PROMPT:
Give the lines again exactly as they appear below, from the line with "Louis Vuitton Louis" to the line with "Photo 9 from", both included, and only those lines. Leave every picture out.

MATERIAL TO PROCESS:

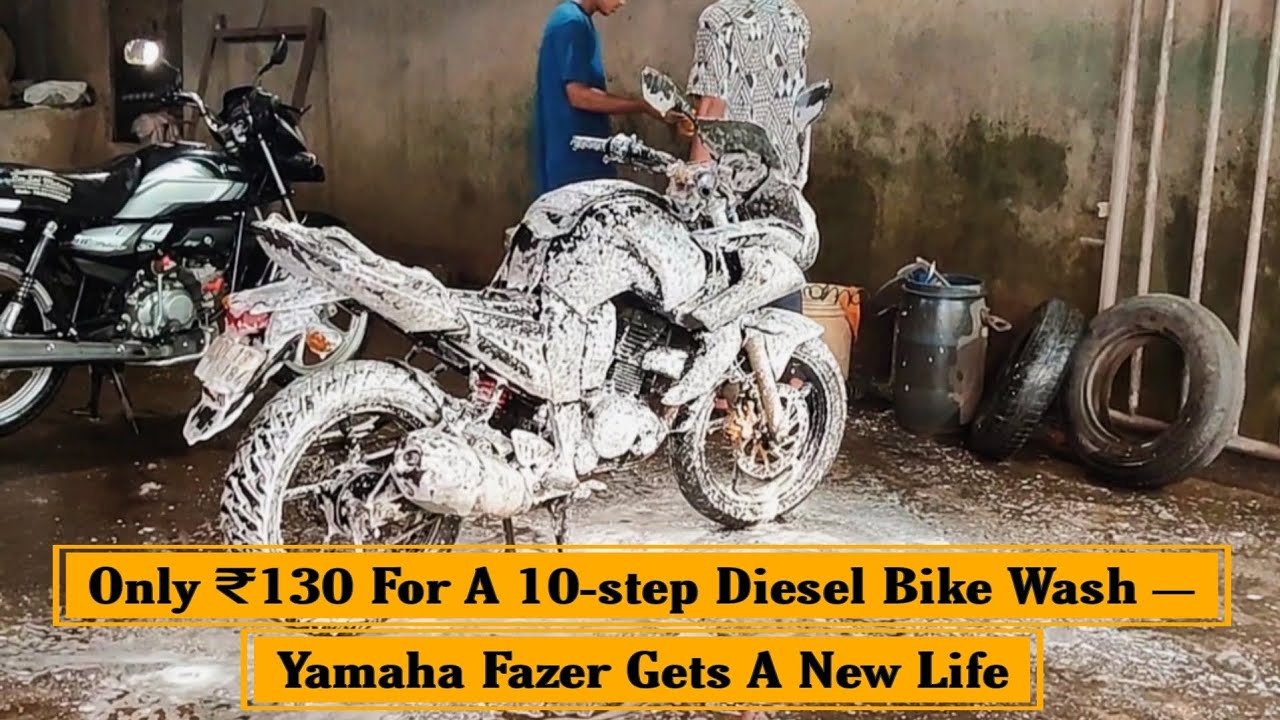 Can Diesel Really Save an Old Bike? Yamaha Fazer Gets the Ultimate Wash!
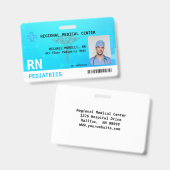 カスタムの写真、ロゴ、バーコードIDバッジ バッジ (正面＆裏面)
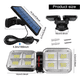 thumbnail image 3 of Luz solar foco triple cabezal con sensor de movimientos negro con cable, 3 of 3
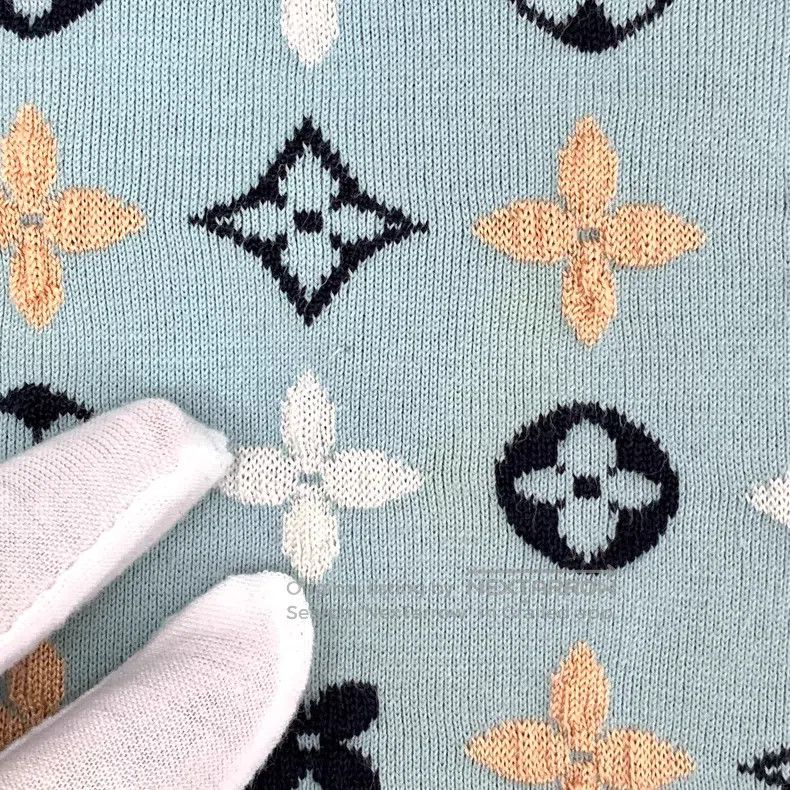 Louis Vuitton Louis Vuitton 24 sky-blue logo presbyopic full print cotto Size US S / EU 44-46 / 1 - 8 Thumbnail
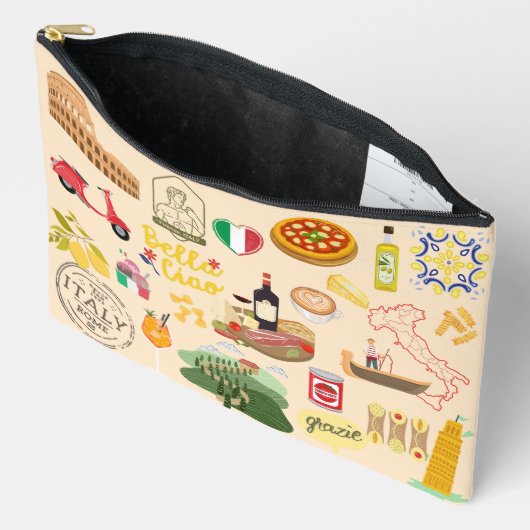 Italië symboliseert reisliefhebbers etui (Open)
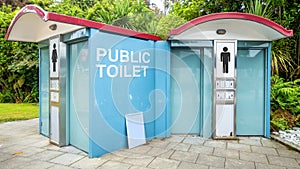 public toilet in New Zealand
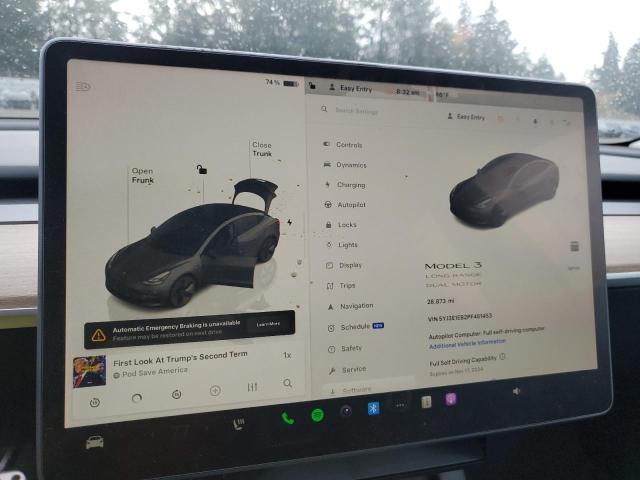 Photo 9 from auction – 2023 TESLA MODEL 3 with VIN 5YJ3E1EB2PF461453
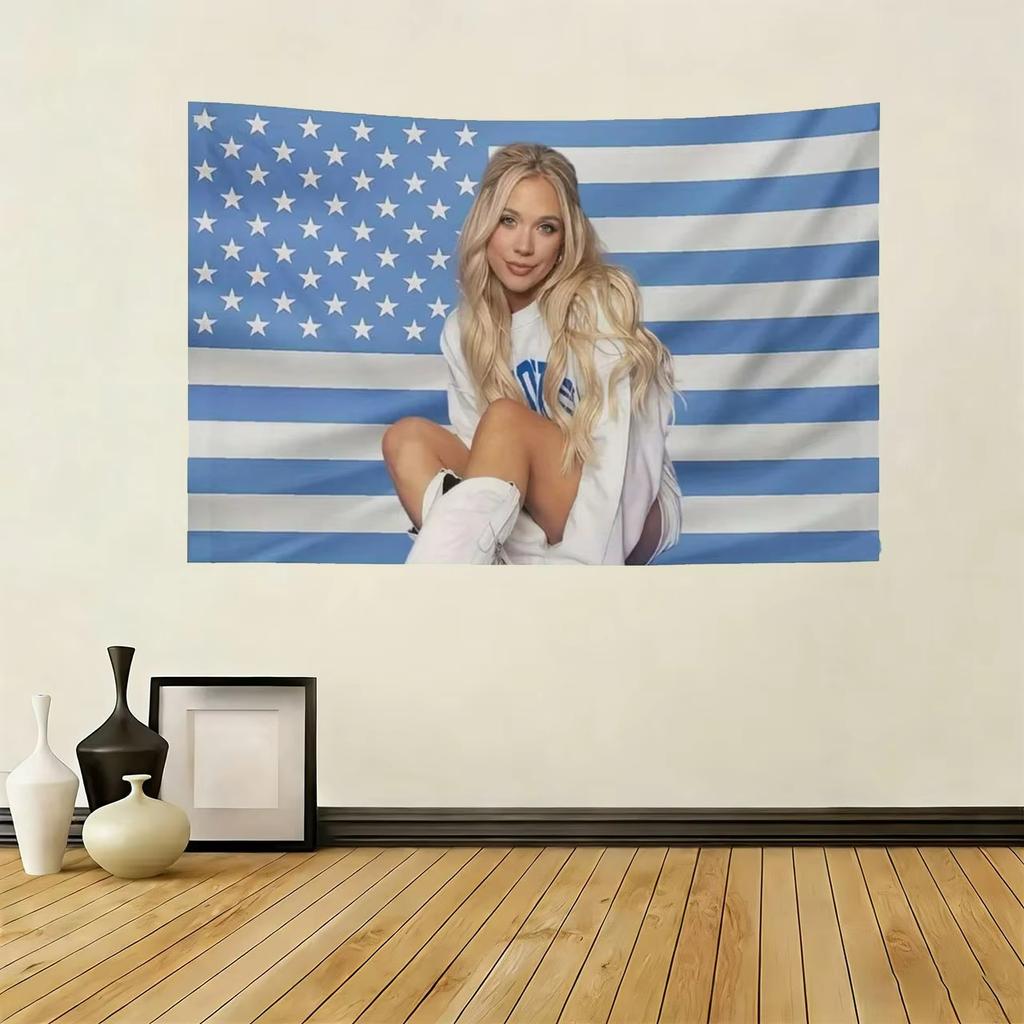 1 Pc Megan Moroney Pink American Funny Cameron Flag Tapestry Poster Perfect Decor Gift for College Dorm Room Scene Backdrop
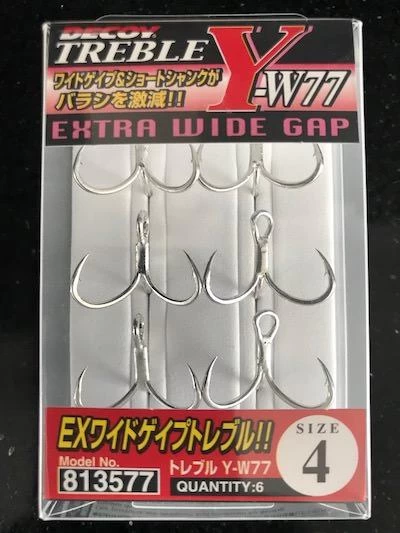 Decoy Y-W77 Extra Wide Trebles 2 Decoy Y-W77 Extra Wide Trebles - Image 2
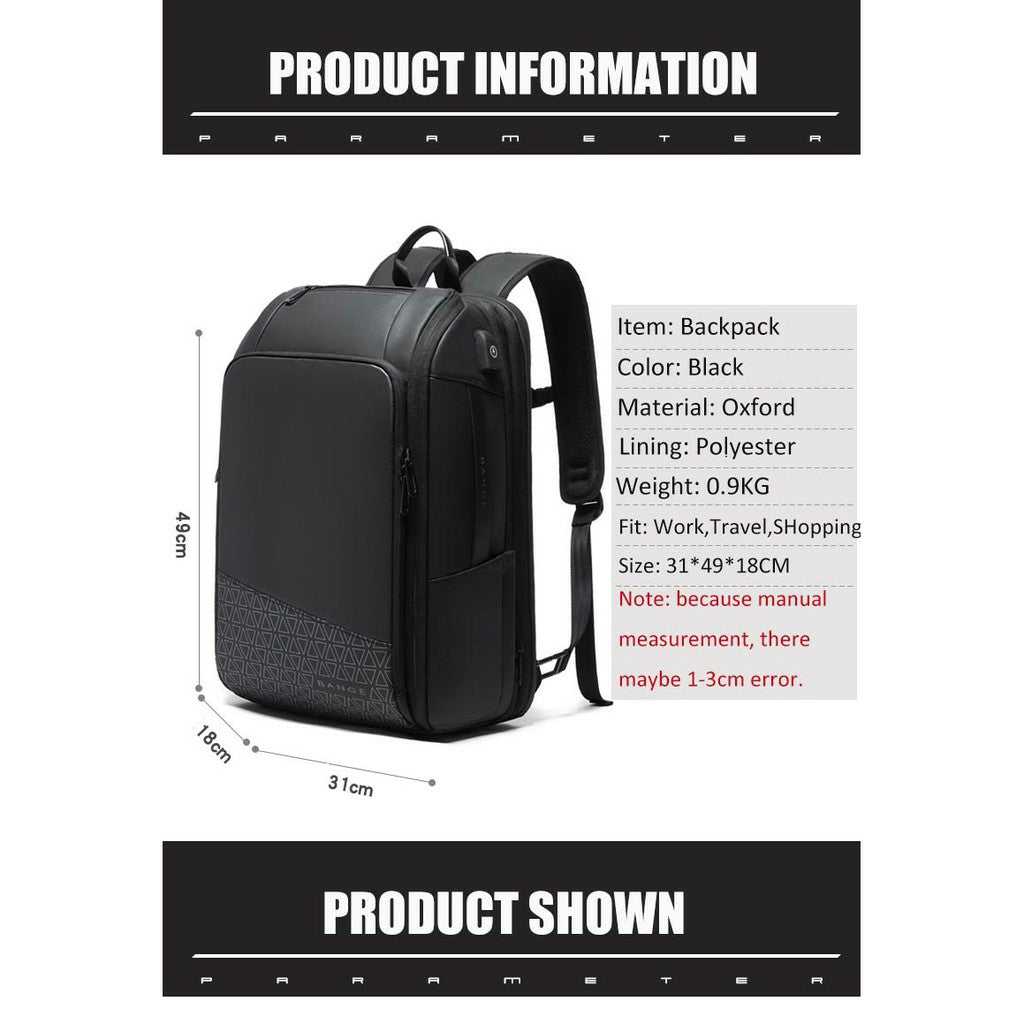 Bange Ionic Travel Laptop Backpack (15.6)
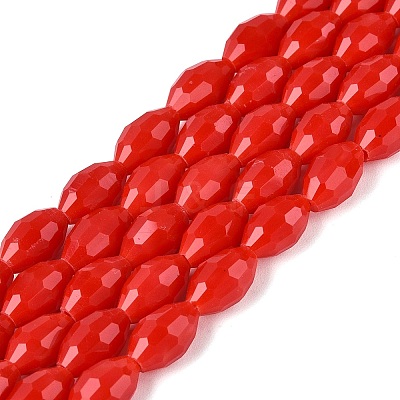 Opaque Solid Color Glass Beads Strands GLAA-N071-01A-C04-1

RESULT FOR THIS TASK:
 Louis Vuitton Louis Vuitton 24 sky-blue logo presbyopic full print cotto Size US S / EU 44-46 / 1 - 8 Thumbnail
 Italië symboliseert reisliefhebbers etui (Open)
 public toilet in New Zealand
 Photo 9 from auction – 2023 TESLA MODEL 3 with VIN 5YJ3E1EB2PF461453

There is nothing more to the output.